Une tête de circonstance

Jeudi soir, RER. Ils montent au dernier moment, il n'y a plus de place, ils restent debout. Ils sont jeunes, quinze ou seize ans, et joyeux. Elle est petite, vive, souriante, les dents blanches, les cheveux et les yeux très noirs, il est café au lait, le visage tavelé, intimidé, visiblement heureux d'être là avec elle qui est jolie et parle tout le temps.
Je n'écoute pas mais j'entends, comme tous les voyageurs sur la plateforme. Peu à peu nous écouterons, nous sourirons.

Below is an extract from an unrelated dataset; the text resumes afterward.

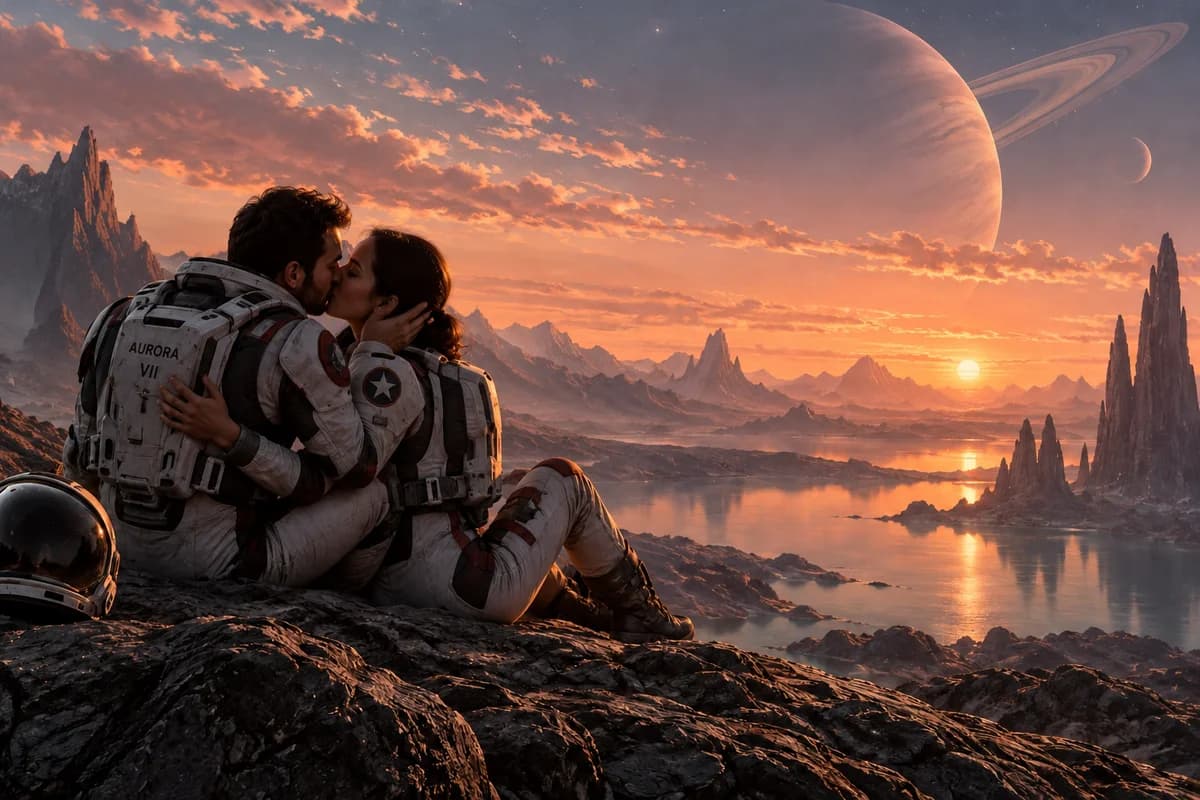 The same space explorers kissing beneath a ringed planet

— … une vraie geule d'enterrement !
— … (sourire interrogateur et embarrassé de qui ne comprend pas)
— Tu ne sais pas ce que c'est qu'une gueule d'enterrement ?
— Non, dit-il dans un souffle, sans perdre le sourire qui ne le quitte pas, mais gêné de son ignorance.
— Mais c'est facile à comprendre, quand même!
— …
— Quelle tête tu ferais à un enterrement ?
— …
Il secoue la tête, souriant, non vraiment, il ne sait pas. J'ai dans l'idée qu'elle l'éblouit trop pour qu'il réfléchisse. La plateforme sourit, nous pensons tous la même chose.
Elle éclate de rire :
— (Incrédule) Tu ferais cette tête-là à un enterrement? (Moqueuse et définitive) Eh bien, je ne t'inviterai pas à mon enterrement !

Hic !

Le jeune homme blond avec le hoquet qui est descendu à la même gare de RER que moi à une heure passée ne sait pas que j'ai failli me retourner pour lui crier "Hou!".
Cela ne m'a pas empêchée, après avoir récupéré ma voiture, de le rattraper et de lui proposer de le déposer à sa destination.
Je l'ai regardé regarder ma voiture qui s'éloignait après l'avoir déposé. J'aime bien interloquer les jeunes hommes blonds.